KI boomt in Unternehmen. Beratungsfirmen profitieren stark davon. Doch was bedeutet der Trend für Arbeitnehmer? Die Antwort könnte beunruhigend sein.

Künstliche Intelligenz (KI) erlebt einen Boom in den Betrieben. Ein großer Gewinner dieser Entwicklung sind Consulting-Firmen. Denn KI-Beratung nimmt einen immer größeren Teil des Geschäftes ein, meldet businessinsider.de: Etwa 900 der 1.000 Top-Beratungskunden arbeiten inzwischen mit Unternehmen zusammen, um KI zu nutzen.

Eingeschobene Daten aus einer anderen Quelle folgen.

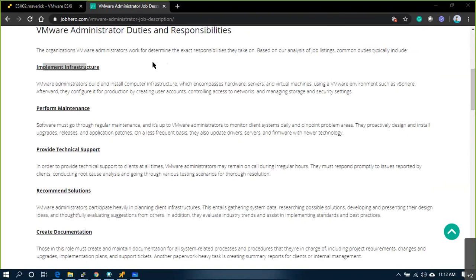For example, previously standard networking is in place, and you want to introduce a distributed switch — that is again implementing something new.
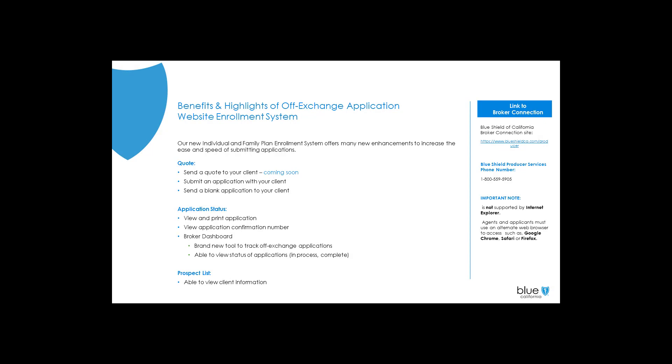Hello everyone, today we'll be going over Blue Shield's new enrollment platform. We titled this enhanced tool our new off-exchange application system. Today we'll be doing a high-level overview going over the basic features of this new tool.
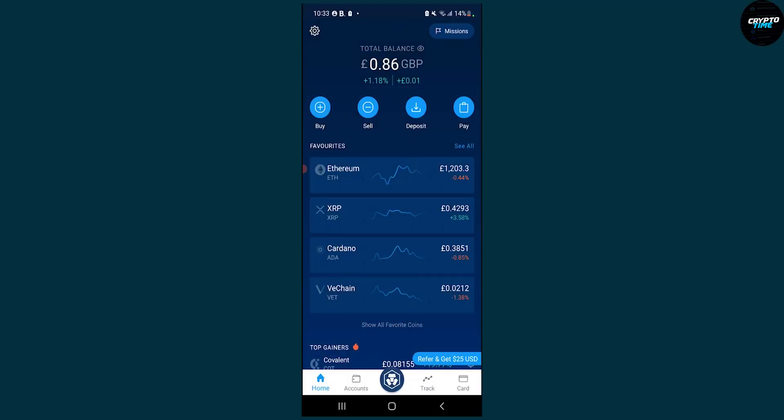First, make sure to go to your Metamask wallet, switch to your BSC network, and then make sure to copy that address.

Unternehmensberater sind Gewinner dank KI

Im Jahr 2023 erwirtschaftete McKinsey einen Rekordumsatz von 14,88 Milliarden Euro – als Folge von KI, denn fast 40 Prozent der Arbeit des Consulting-Unternehmens bezieht sich auf dieses Beratungsfeld. Die Boston Consulting Group (BCG) erreicht ein Fünftel ihres Umsatzes mit KI. "Wie kann ich mit KI tatsächlich einen Mehrwert schaffen und unsere Arbeitsweise sinnvoll verändern?", sei die entscheidende Frage, so Allison Bailey, Leiterin des BCG-Bereichs People und Organisation.

Sinnvoller Einsatz hängt auch mit der Fehleranfälligkeit von KI zusammen. Ein häufiger Einwand im betrieblichen Alltag ist, dass die Fehler der Maschine praktisch in einer Art Blackbox passierten, also von außen gar nicht nachzuvollziehen sind.

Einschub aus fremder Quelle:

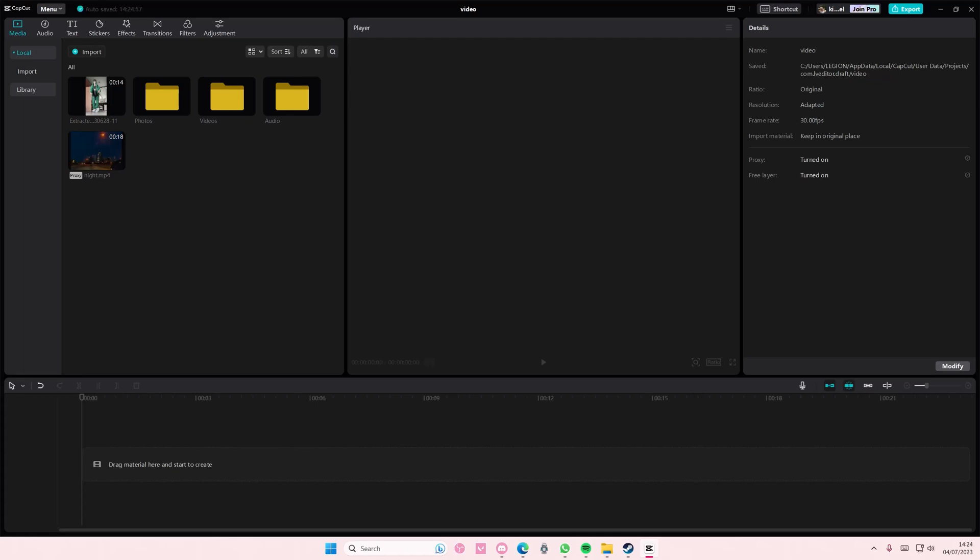Hey guys and welcome back to this channel. In this video I'll be showing you how you can change the frame rate on your videos in CapCut PC.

Für Abhilfe soll "Explainable AI" sorgen. Dahinter steht die Idee, KI solle nicht nur Entscheidungen treffen, sondern auch erklären, wie sie zu ihren Ergebnissen gelangt. Branchenkenner sehen bisherige Entwicklungsmodelle aber noch nicht in dem Stadium, die maschinelle Entscheidung hinreichend transparent zu machen.

EU-Vorgaben zu KI

Im Bereich KI stehen Unternehmen vor erhöhte Dokumentationspflichten. Der Geschäftsführer der Bonner Wirtschaftsakademie (BWA) Harald Müller sieht hier zusätzliche Belastungen auf die Unternehmen zukommen.

Die Europäische Union hat erstmals eine Verordnung zu KI verabschiedet, die auch in der Arbeitswelt bedeutsam sein wird: die EU-KI-Verordnung (EU KI-VO). Grundlage ist ein "risikobasierter Ansatz", der KI-Systeme in vier Kategorien einteilt: verbotene, hochriskante, begrenzte Risiko- und geringe Risiko-Systeme.

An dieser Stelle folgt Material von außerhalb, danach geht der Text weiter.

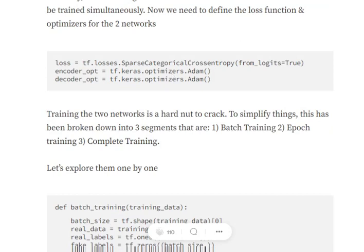The loss function used is sparse categorical cross entropy, and we are also defining optimizers for the two networks — the encoder (discriminator) and decoder (generator). To recap: the encoder encodes a high-dimensional image into a low-dimensional latent vector, similar to what the discriminator does. The decoder, which is the generator, takes a random noise vector and expands it into a full image.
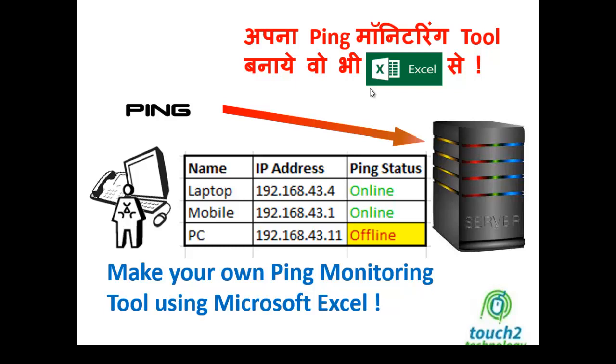Hello friends, welcome back to my channel. Before I start this session, I request you please subscribe to the channel. So friend, in this session I'll show you how to create your own ping monitoring tool using Microsoft Excel.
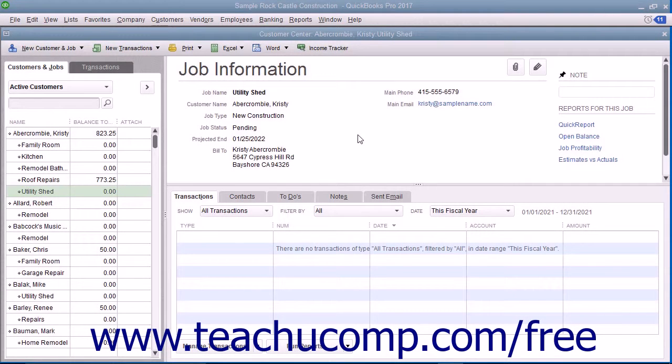An estimate is a preliminary sales proposal that is often created for a customer's job. You can create multiple estimates for each customer or each job.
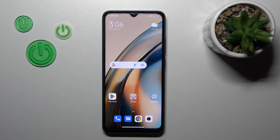Hi, today I'm reviewing the Poco C50 and I'll show you how to turn on and turn off silent mode on this device.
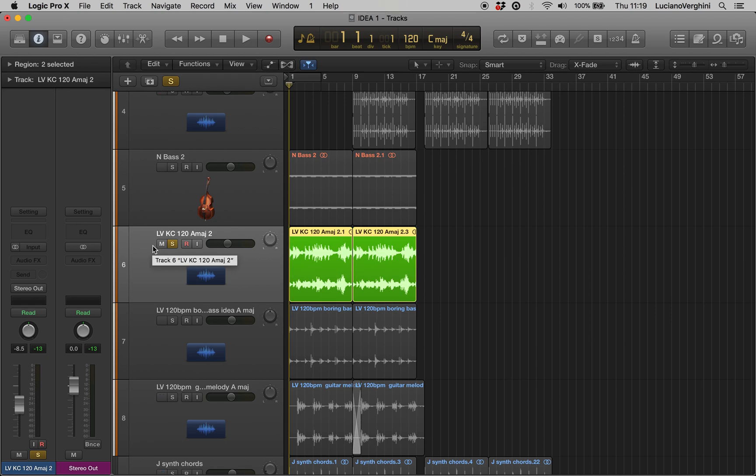Hi guys, in this video I'm going to be showing you how to take a stereo track and split it into two separate mono tracks, one for the left channel and one for the right.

Verbotene KI-Systeme sind Systeme, die manipulative, irreführende Techniken anwenden, um das Verhalten von Menschen zu beeinflussen oder deren Schwächen auszunutzen, etwa aufgrund ihres Alters oder ihrer Behinderung. Der Einsatz verbotener KI kann mit einer Geldstrafe von bis zu 35 Millionen Euro oder sieben Prozent des weltweiten Umsatzes geahndet werden.

Hochriskante KI-Systeme umfassen unter anderem biometrische Identifikationssysteme, Systeme zur Bewertung von Beschäftigten oder Bewerbern.

Solche Systeme unterliegen strengen Anforderungen gemäß Art. 26 und 27 EU KI-VO. Die EU KI-VO verlangt von Unternehmen, technische und organisatorische Maßnahmen vorzunehmen, die eine Verwendung des Systems nur nach EU-Vorgaben ermöglichen.

Damit ist für jeden KI-Einsatz im Unternehmen herauszufinden und zu dokumentieren, in welche Risikoklasse er fällt. […]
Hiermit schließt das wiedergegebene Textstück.